Closed
Bug 121326
Opened 23 years ago
Closed 23 years ago
NSS3.4 / Any SSL transaction causes Mac to freeze
Categories
(NSS :: Libraries, defect, P1)
Tracking
(Not tracked)
VERIFIED
WORKSFORME
3.4
People
(Reporter: javi, Assigned: wtc)
References
()
Details
(Keywords: regression)
Attachments
(4 files)
21.82 KB,
text/plain
|
Details | |
805 bytes,
patch
|
Details | Diff | Splinter Review | |
1.08 KB,
patch
|
Details | Diff | Splinter Review | |
20.82 KB,
text/plain
|
Details |
I've been seeing this problem since last Thursday.

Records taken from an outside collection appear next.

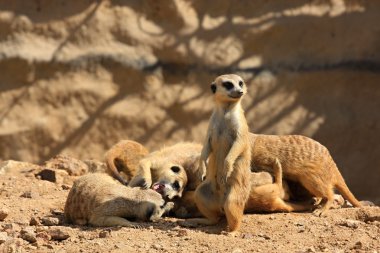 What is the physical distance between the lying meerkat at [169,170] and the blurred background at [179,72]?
1613mm

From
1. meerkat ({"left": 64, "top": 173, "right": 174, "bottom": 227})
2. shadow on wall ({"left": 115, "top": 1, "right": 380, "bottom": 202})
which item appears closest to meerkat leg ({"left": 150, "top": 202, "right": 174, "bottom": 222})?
meerkat ({"left": 64, "top": 173, "right": 174, "bottom": 227})

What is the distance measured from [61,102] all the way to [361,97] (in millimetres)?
3021

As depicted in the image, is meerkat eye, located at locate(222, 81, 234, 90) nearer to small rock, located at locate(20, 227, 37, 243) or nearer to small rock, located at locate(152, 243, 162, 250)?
small rock, located at locate(152, 243, 162, 250)

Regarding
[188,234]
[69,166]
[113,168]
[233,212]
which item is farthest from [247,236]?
[69,166]

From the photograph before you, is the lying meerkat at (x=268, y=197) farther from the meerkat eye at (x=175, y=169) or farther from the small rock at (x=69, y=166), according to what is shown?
the small rock at (x=69, y=166)

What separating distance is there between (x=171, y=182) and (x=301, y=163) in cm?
95

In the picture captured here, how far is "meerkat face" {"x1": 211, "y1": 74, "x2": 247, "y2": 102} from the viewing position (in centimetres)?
590

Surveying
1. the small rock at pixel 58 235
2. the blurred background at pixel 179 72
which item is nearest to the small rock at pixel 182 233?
the small rock at pixel 58 235

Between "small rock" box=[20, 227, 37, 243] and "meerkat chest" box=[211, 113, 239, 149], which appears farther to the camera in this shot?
"meerkat chest" box=[211, 113, 239, 149]

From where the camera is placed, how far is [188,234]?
5578 mm

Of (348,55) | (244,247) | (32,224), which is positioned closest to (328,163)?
(244,247)

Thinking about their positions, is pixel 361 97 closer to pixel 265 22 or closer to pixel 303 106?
pixel 303 106

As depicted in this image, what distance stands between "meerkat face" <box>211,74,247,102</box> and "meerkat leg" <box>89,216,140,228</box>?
1.00 meters

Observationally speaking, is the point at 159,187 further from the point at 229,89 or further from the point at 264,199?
the point at 229,89
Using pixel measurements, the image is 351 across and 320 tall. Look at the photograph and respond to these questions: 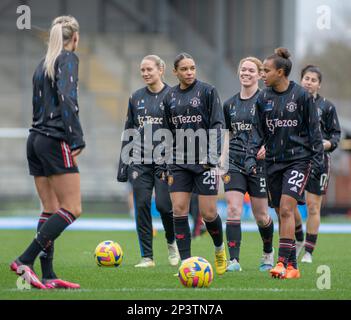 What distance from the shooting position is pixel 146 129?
10.9m

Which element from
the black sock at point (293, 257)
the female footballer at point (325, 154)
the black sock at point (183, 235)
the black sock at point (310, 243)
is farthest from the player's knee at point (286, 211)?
the black sock at point (310, 243)

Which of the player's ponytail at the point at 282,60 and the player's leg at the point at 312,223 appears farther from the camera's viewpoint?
the player's leg at the point at 312,223

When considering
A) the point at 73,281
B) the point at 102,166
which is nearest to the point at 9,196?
the point at 102,166

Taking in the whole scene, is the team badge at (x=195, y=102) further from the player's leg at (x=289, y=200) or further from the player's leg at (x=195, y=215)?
the player's leg at (x=195, y=215)

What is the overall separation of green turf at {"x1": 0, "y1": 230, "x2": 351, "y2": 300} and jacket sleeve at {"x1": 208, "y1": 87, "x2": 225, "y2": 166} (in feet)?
4.03

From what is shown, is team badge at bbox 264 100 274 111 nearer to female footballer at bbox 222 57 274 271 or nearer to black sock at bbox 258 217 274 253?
female footballer at bbox 222 57 274 271

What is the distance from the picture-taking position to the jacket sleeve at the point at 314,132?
29.7 ft

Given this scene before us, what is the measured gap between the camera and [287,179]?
9086 millimetres

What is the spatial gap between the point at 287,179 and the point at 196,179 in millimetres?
1011

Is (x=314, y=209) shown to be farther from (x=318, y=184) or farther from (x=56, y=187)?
(x=56, y=187)

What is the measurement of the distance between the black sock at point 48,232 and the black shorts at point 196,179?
6.14ft

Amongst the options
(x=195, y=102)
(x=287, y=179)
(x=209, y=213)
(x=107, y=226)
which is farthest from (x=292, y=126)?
(x=107, y=226)

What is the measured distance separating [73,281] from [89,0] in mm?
28438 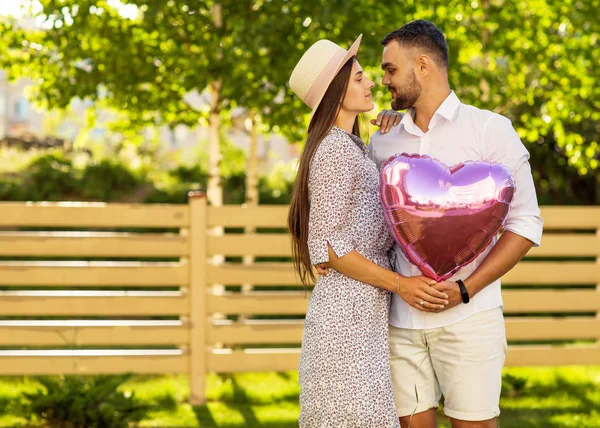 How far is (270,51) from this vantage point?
24.1 feet

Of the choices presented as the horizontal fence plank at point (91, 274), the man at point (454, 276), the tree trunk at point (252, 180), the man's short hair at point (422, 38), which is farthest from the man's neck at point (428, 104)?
A: the tree trunk at point (252, 180)

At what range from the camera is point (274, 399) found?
650 centimetres

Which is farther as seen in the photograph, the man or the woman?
the man

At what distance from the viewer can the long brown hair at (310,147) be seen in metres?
3.04

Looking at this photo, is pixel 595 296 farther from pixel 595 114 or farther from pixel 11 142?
pixel 11 142

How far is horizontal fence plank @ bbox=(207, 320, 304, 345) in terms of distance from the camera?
635 centimetres

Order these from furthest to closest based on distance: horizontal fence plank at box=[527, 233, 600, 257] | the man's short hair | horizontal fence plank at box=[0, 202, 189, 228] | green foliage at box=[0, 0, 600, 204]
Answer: green foliage at box=[0, 0, 600, 204], horizontal fence plank at box=[527, 233, 600, 257], horizontal fence plank at box=[0, 202, 189, 228], the man's short hair

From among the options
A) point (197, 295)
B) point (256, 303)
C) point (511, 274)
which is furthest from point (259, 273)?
point (511, 274)

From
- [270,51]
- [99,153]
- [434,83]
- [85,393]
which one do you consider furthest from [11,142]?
[434,83]

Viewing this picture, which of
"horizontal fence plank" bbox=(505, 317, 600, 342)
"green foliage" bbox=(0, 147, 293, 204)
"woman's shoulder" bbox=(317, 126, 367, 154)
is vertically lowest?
"horizontal fence plank" bbox=(505, 317, 600, 342)

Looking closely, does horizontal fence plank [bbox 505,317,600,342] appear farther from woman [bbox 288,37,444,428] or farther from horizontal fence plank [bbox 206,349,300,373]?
woman [bbox 288,37,444,428]

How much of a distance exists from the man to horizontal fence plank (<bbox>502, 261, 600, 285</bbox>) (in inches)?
141

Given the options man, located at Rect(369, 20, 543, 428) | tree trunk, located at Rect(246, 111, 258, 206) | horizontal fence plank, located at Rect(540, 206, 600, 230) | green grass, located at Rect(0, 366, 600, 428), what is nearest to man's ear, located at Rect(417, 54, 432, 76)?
man, located at Rect(369, 20, 543, 428)

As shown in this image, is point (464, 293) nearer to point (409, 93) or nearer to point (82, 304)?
point (409, 93) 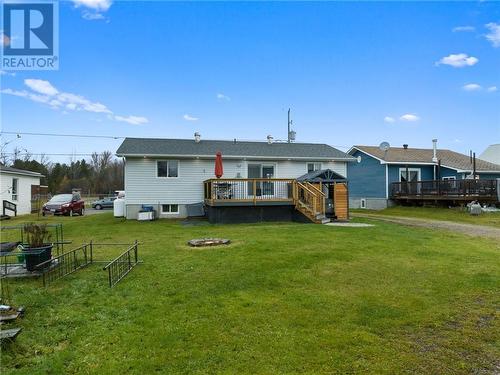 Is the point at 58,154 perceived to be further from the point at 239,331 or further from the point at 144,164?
the point at 239,331

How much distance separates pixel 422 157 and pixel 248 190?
17.2m

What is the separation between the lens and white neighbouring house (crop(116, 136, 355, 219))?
17125 mm

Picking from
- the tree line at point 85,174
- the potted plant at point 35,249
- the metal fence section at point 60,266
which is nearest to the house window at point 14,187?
the metal fence section at point 60,266

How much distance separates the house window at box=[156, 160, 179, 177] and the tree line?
42.4 m

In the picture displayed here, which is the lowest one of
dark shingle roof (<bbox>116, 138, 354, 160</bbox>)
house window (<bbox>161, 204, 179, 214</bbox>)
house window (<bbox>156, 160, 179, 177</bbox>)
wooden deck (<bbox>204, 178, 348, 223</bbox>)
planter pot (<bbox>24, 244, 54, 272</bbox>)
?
planter pot (<bbox>24, 244, 54, 272</bbox>)

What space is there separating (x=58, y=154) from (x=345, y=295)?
57.5m

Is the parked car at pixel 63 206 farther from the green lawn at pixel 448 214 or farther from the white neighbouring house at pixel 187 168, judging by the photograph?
the green lawn at pixel 448 214

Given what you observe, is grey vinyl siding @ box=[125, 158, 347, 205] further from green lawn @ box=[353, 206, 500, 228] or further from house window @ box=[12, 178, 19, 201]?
house window @ box=[12, 178, 19, 201]

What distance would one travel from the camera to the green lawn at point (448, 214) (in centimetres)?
1700

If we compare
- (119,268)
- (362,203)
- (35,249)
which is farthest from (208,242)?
(362,203)

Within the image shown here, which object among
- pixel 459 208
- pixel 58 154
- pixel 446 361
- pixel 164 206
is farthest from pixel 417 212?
pixel 58 154

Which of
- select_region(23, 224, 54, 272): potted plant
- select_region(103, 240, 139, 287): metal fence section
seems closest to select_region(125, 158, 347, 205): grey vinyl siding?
select_region(103, 240, 139, 287): metal fence section

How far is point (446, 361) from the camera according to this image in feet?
11.5

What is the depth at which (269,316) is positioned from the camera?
4625mm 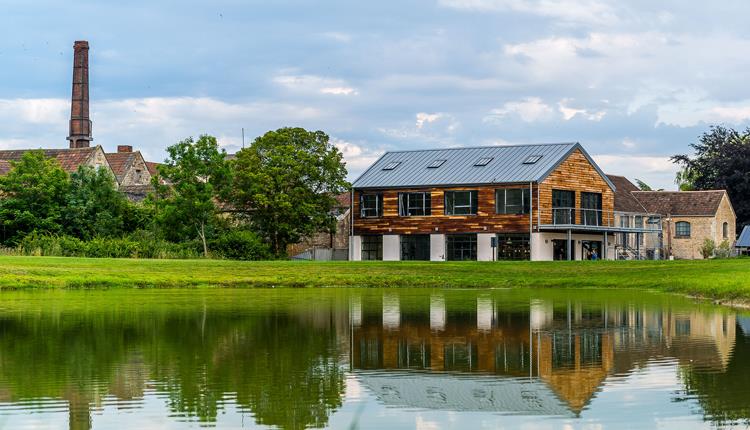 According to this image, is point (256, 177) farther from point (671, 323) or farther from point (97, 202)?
point (671, 323)

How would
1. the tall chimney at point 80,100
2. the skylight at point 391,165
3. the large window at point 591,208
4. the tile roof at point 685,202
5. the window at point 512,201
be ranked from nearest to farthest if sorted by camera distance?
the window at point 512,201
the large window at point 591,208
the skylight at point 391,165
the tile roof at point 685,202
the tall chimney at point 80,100

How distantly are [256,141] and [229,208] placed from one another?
20.9 feet

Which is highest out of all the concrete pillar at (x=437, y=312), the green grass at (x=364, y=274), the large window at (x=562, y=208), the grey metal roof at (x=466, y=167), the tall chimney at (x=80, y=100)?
the tall chimney at (x=80, y=100)

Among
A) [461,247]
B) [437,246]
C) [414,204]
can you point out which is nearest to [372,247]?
[414,204]

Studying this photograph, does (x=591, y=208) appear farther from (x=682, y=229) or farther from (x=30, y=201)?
(x=30, y=201)

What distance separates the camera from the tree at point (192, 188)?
66.9 metres

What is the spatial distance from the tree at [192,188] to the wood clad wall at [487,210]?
11.2 metres

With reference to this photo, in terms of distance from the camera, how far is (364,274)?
52.3 metres

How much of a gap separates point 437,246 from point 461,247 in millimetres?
1535

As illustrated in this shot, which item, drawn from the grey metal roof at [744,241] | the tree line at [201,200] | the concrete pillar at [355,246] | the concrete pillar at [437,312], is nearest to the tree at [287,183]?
the tree line at [201,200]

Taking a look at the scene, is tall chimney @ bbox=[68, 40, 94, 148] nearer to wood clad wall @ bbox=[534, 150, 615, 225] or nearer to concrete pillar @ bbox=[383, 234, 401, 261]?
concrete pillar @ bbox=[383, 234, 401, 261]

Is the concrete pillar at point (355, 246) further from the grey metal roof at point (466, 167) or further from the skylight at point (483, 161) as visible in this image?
the skylight at point (483, 161)

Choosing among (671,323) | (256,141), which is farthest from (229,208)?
(671,323)

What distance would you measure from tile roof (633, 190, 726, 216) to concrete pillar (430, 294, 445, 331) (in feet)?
157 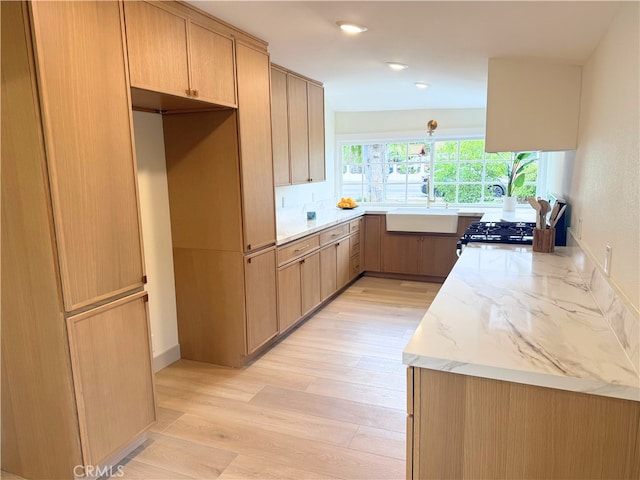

Whenever I try to access an SSL site with a Mac build using the trunk of NSS, the Mac freezes. I have to force quit the application or re-set the system. When debugging, I found that the first handshake never returns. I haven't had time to debug any further than that.
Comment 1•23 years ago
|
||
I feared it could have something to do with checkins from bug 106188, but I think you saw that problem before the check in were made. When in doubt, and we don't have other ideas, you could try to revert those patches in your tree.
Updated•23 years ago
|
Summary: Any SSL transaction causes Mac to freeze → NSS3.4 / Any SSL transaction causes Mac to freeze
Comment 2•23 years ago
|
||
I just learned that bug 106188 caused a regression for BeOS, so maybe it is indeed the same problem here?
Reporter | ||
Comment 3•23 years ago
|
||
John, Can you connect to an SSL site using a turnk build? If so, then this is not caused by kaie's previous patch.
Comment 4•23 years ago
|
||
With the Mac 9.1 1/23/08 trunk build, the browser locks up sometimes when visiting SSL sites. For example, sometimes it can reach a site, such as https://pki/tests.html, and then after restarting, trying to reach that site locks up the browser, and if you don't soon force quit, the machine has to be rebooted.
Comment 5•23 years ago
|
||
I'm seeing the same results with build 2002012403 on MacOS X. When I access an https server the busy animation starts and just keeps going. Pressing the stop button causes the browser to freeze, requiring a force quit. I'd suggest upgrading to major or critical.
Assignee | ||
Comment 6•23 years ago
|
||
John, In comment #4, you said you saw the same lock-up problem with the Mac 9.1 1/23/08 trunk build. Does that build use the trunk of NSS (aka NSS 3.4)?
Assignee | ||
Updated•23 years ago
|
Severity: normal → critical
Reporter | ||
Comment 7•23 years ago
|
||
Mac trunk builds still use NSS 3.3. The only Mac in the world that is using NSS 3.4 is located in my cube. ;)
Assignee | ||
Comment 8•23 years ago
|
||
Simon, Steve, does this look like a duplicate of the hang described in bug 99561? How do we use "Sampler" to get the thread stacks?
Comment 9•23 years ago
|
||
So get a sampler trace, run Sampler (assuming you installed the developer tools).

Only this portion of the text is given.